After 2 weeks of playing around with the camera, I finally take it to my kids birthday party - power it up - and get a memory card error. The night before I was recording with no problems as I have over the course of 2 weeks.

So here I am pretty pissed and frustrated. My wife remembers the Canon Elph we have also uses an SDHC memory card so I stick that card into the GH1 - luckily she carries the Elph in her bag.

I only had room for 30 min of video instead of the 2 hrs I planned for.. ok, I'll take it..

So I record and snap photos for the next few hours.

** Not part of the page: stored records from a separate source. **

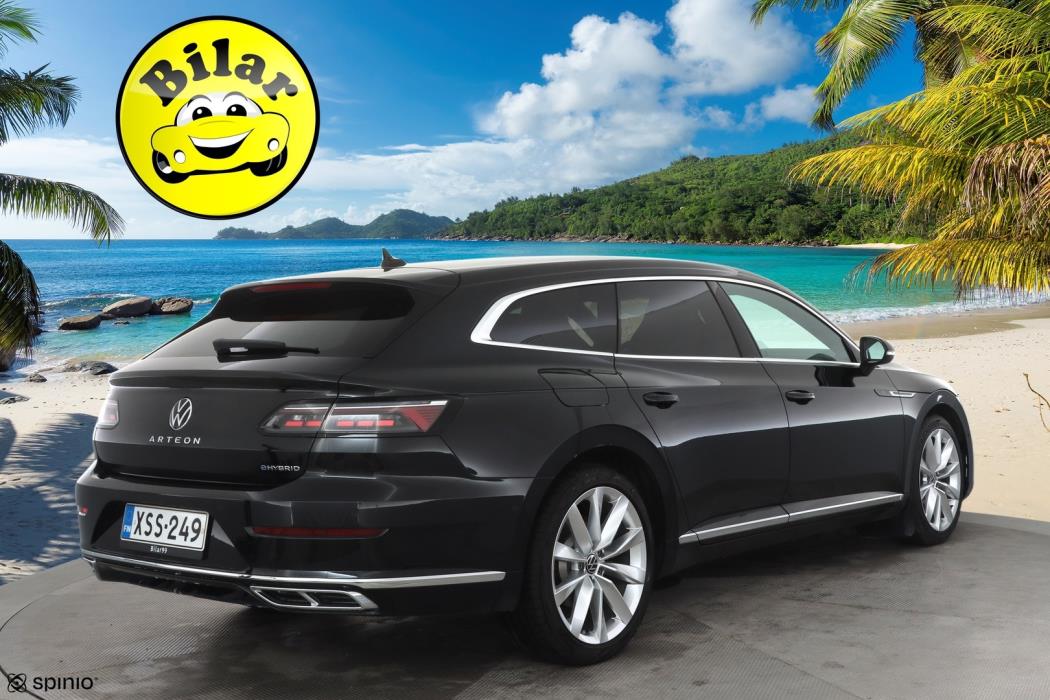 VOLKSWAGEN ARTEON 2023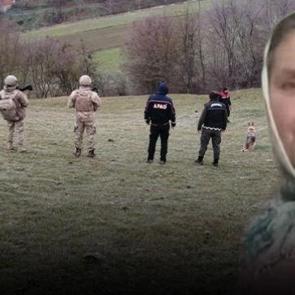 Tokat'ta sır olay: 5 &ccedil;ocuk annesi Arife 3 yıldır kayıp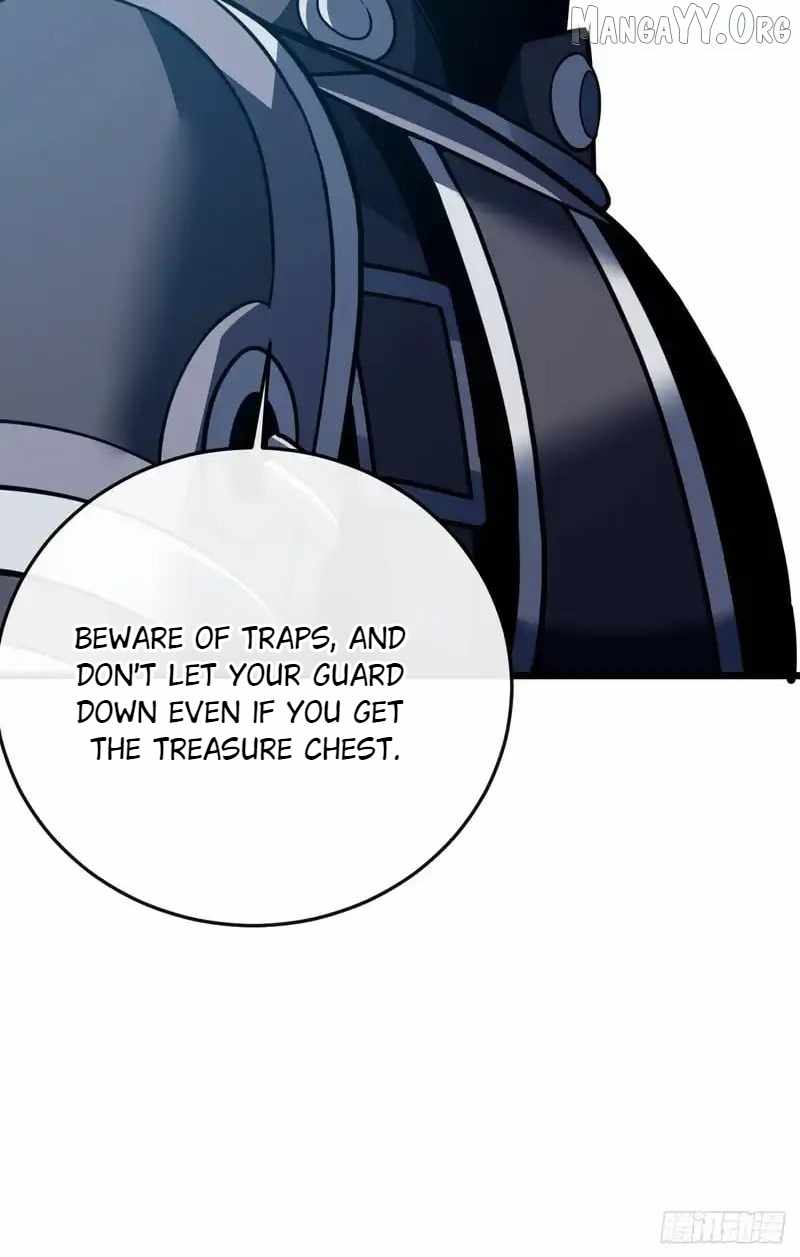 Lord of Destiny Wheel Chapter 180 page 55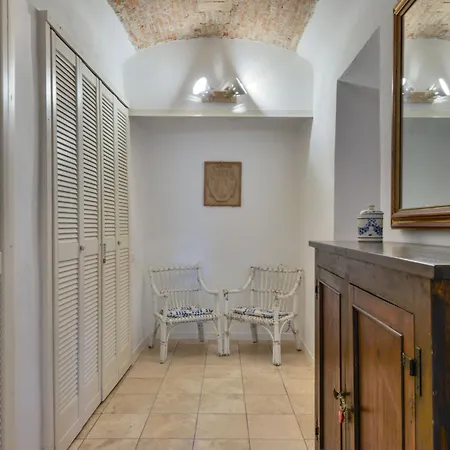 Appartement Le Palme By Interhome *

Come home that eve and stick the card into my reader ... all looks well so far. I start a drag and drop and let it go.

I come back 10 min later to some errors on screen. I look at the HD and see nothing copied - I look at the SD card and it cant read it properly.

2 Different cards - both with memory card errors and so far I'm 0 for 5 with recovery software luck. Nothing can be found from either card and I am (prob not as much as the wife) pretty ticked.

Never lost digital photos out of the thousands I've shot over the years and this really frustrates me.

Any ideas? Anyone have this happen to them? Would you think the camera is making them corrupt somehow? I'm lost at this point... Thought it was the mem card first, but it happened on 2 diff cards - one new (adata), one older (transcend). Now I'm geared towards shipping the cam back for exchange.. I dunno.

Thanks..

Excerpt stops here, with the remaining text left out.